[Stored records]
■ ■ ■ ■
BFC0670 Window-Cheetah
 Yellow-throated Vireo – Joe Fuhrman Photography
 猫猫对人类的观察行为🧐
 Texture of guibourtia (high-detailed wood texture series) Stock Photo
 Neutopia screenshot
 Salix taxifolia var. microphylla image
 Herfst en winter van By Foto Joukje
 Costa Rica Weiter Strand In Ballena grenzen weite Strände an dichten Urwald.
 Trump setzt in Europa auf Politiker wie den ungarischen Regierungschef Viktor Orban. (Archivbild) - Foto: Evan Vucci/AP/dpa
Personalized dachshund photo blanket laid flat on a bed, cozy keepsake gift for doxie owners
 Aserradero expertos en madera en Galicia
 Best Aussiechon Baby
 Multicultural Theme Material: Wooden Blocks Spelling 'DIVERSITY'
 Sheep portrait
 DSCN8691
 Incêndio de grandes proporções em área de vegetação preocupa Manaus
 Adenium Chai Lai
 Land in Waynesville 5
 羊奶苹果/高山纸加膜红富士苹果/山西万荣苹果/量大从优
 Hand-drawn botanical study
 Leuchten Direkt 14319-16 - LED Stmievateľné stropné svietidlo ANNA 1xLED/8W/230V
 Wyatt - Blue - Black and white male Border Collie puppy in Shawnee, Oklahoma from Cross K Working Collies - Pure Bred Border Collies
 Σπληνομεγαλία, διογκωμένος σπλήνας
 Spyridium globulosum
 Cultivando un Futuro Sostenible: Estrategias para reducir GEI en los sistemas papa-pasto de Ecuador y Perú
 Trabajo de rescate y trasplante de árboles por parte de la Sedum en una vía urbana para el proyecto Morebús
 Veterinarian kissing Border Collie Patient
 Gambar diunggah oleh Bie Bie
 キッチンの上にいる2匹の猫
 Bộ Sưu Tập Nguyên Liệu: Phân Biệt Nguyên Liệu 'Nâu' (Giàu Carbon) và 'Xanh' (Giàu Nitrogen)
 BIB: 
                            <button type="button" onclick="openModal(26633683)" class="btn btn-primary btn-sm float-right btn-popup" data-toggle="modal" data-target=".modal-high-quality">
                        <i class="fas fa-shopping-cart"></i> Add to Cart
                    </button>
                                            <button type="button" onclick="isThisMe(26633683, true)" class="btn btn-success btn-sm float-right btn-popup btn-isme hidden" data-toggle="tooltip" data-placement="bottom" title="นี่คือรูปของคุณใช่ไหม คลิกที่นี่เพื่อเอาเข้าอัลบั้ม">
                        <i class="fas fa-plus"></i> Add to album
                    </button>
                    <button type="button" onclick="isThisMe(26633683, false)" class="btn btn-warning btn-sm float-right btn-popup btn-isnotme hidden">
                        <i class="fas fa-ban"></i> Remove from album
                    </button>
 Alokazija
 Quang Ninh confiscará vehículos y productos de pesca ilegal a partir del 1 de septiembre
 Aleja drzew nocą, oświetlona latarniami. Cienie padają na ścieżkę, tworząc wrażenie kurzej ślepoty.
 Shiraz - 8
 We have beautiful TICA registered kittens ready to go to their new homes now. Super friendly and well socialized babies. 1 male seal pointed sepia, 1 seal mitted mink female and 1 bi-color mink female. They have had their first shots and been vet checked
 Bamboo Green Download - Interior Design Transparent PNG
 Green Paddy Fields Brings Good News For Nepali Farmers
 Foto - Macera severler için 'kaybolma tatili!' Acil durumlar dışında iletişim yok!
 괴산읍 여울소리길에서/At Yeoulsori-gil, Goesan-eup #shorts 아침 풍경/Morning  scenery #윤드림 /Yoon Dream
■ ■ ■ ■
• Activity: Return the lines above, from the one containing "We have beautiful" to the end, exactly as they stand.

• Reply to the exercise:
 We have beautiful TICA registered kittens ready to go to their new homes now. Super friendly and well socialized babies. 1 male seal pointed sepia, 1 seal mitted mink female and 1 bi-color mink female. They have had their first shots and been vet checked
 Bamboo Green Download - Interior Design Transparent PNG
 Green Paddy Fields Brings Good News For Nepali Farmers
 Foto - Macera severler için 'kaybolma tatili!' Acil durumlar dışında iletişim yok!
 괴산읍 여울소리길에서/At Yeoulsori-gil, Goesan-eup #shorts 아침 풍경/Morning  scenery #윤드림 /Yoon Dream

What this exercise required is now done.